One of the most abundant and widespread mammals around the globe, the House mouse is found at almost any part of the world (except with Antarctica) due to human travel. This rodent has originated in Iran, Afghanistan, Pakistan, and northern India. Along with many other major animals, it is thought to have appeared around 500,000 years ago, in the Cambrian Period. Firstly, a mouse-like fossil was found in China. This turned out to be the earliest known ancestor of the House mouse and generally, all placental mammals, even humans. During the Early Cretaceous Period, about 125 million years ago, when birds began to emerge, there came to be an animal called 'Eomaia scansoria', who was a contemporary of dinosaurs. In course of time, the House mice have managed to occupy nearly all habitats with constant source of food. They usually live 1 - 1.5 years in the wild and about 2 years in captivity, but can live up to 6 years.

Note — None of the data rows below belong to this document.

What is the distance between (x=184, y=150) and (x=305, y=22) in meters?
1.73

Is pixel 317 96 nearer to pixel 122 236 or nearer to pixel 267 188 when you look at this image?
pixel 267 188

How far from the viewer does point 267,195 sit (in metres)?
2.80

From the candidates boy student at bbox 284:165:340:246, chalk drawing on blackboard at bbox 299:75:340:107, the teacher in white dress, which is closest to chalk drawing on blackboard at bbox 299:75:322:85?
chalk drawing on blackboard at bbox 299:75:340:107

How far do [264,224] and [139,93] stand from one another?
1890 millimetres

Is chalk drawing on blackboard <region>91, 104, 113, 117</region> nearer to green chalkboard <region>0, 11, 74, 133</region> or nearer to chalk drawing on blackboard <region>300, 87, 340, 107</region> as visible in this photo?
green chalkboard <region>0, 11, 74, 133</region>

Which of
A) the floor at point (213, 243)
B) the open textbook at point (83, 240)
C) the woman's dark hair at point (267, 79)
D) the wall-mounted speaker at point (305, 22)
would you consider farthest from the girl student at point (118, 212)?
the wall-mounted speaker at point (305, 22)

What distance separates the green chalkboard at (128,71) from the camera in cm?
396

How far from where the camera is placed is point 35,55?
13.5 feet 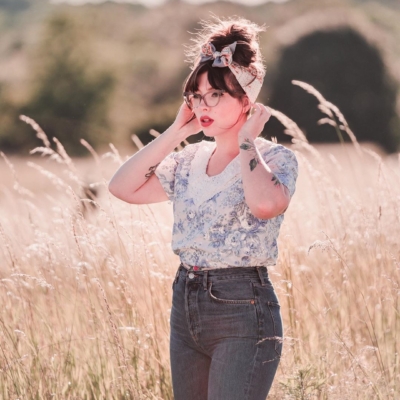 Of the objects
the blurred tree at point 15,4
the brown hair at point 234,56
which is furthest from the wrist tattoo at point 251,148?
the blurred tree at point 15,4

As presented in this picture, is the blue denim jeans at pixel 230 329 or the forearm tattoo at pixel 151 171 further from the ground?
the forearm tattoo at pixel 151 171

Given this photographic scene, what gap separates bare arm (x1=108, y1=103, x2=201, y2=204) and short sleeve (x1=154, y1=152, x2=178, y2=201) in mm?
25

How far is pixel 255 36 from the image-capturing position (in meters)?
2.51

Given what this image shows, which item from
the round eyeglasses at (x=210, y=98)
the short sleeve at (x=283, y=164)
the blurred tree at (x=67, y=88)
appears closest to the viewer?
the short sleeve at (x=283, y=164)

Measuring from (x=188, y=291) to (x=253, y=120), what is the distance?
0.60 m

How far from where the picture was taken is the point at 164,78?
1199 inches

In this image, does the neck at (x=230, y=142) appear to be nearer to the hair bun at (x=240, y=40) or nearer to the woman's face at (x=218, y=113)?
the woman's face at (x=218, y=113)

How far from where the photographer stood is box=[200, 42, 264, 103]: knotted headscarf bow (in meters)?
2.38

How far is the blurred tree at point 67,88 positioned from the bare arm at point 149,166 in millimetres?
26301

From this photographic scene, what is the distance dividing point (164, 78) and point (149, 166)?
2829 cm

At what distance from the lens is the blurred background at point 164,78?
23.6m

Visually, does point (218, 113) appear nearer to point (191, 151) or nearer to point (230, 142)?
point (230, 142)

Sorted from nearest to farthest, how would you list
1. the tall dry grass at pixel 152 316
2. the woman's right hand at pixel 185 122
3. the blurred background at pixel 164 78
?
the woman's right hand at pixel 185 122 → the tall dry grass at pixel 152 316 → the blurred background at pixel 164 78

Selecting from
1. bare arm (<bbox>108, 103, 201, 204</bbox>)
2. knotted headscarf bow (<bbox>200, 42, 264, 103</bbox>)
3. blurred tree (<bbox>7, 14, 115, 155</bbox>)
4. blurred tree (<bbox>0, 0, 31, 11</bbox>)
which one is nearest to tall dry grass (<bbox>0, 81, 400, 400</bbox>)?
bare arm (<bbox>108, 103, 201, 204</bbox>)
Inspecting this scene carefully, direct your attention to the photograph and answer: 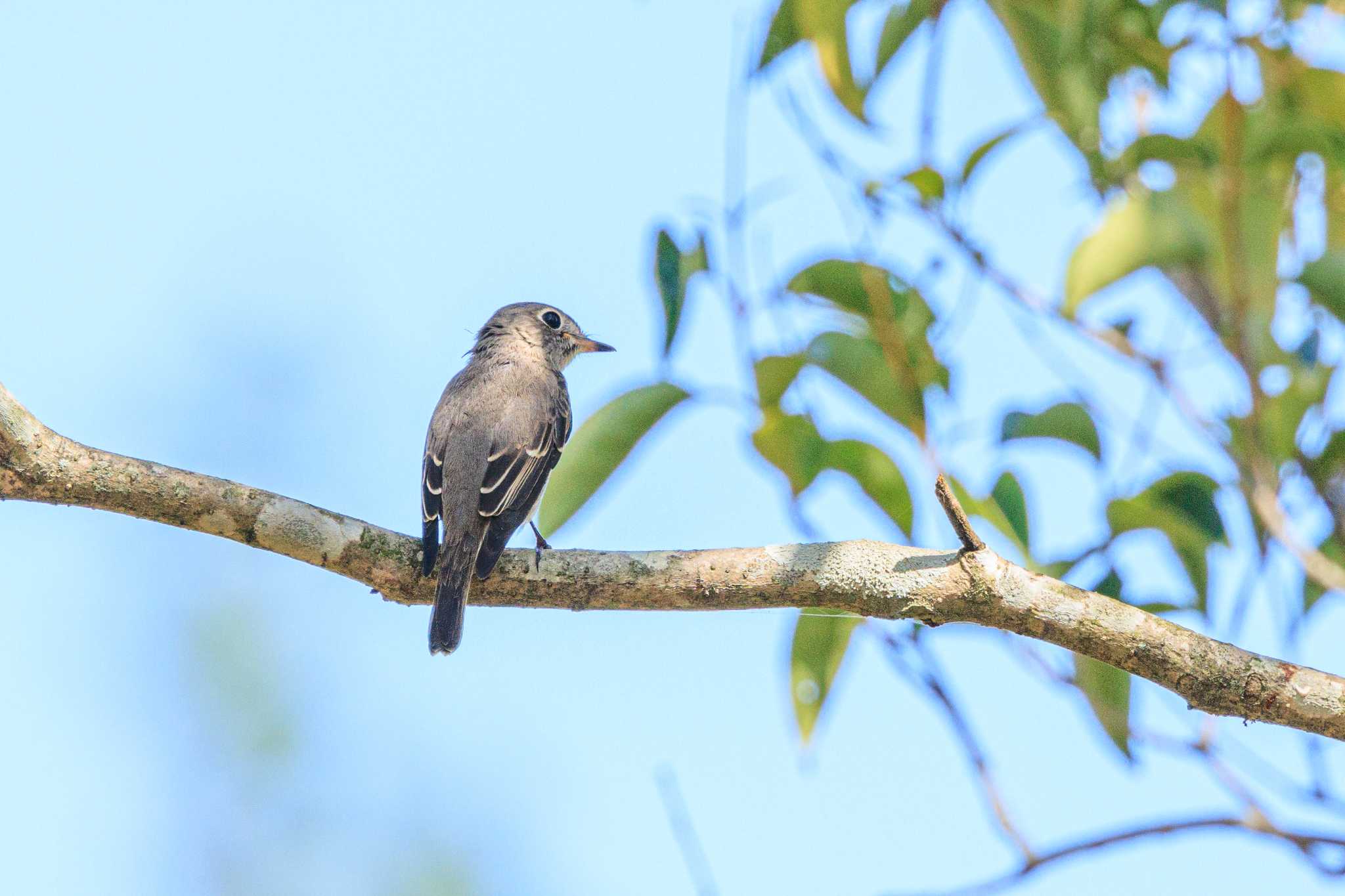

Firstly appearing on the steppes of central Asia and, probably, the Mediterranean region, the House mouse has become commonly widespread worldwide, being introduced by humans. This rodent is a commensal, sharing its habitat with humans. In urban areas, this animal is commonly found in houses, shops, mills, warehouses, factories, coal mines and, occasionally, cold stores. Meanwhile, those in rural areas occupy farm buildings, rubbish tips, piggeries, poultry houses, granaries and open fields. They typically construct their nests in secluded places such as woodpiles, beneath floors or behind rafters. Individuals in the wild prefer living in in crevices in rocks or in burrows, usually located underground.
The House mouse is generally a nocturnal animal, although it can be active diurnally during the food shortages. Moving around, they rely on their speed and agility to remain unspotted and escape predators. The only purpose they travel is to get food. They usually forage within a small territory of around 30 feet in diameter, every time using the same paths. The House mice may be either solitary or social. Social units of this species consist of a single male as well as several females with their young. Each such group has its own territory, fiercely defending it against intruders. These rodents don't undergo hibernation and remain active throughout the year. The House mice are widely known for their agility. They are excellent swimmers and accomplished jumpers. In addition, they possess a perfect sense of balance. When communicating with conspecifics, the House mice primarily use scent along with well-developed senses of hearing and smell.
House mice are omnivores. Individuals in the wild mainly feed upon seeds, fleshy roots, leaves, stems and other vegetation material, supplementing this diet with insects such as beetle larvae, caterpillars, and cockroaches as well as meat, including occasional carrion. Those in urban areas often share human diet. In addition, these rodents are known to use household materials such as glue or soap.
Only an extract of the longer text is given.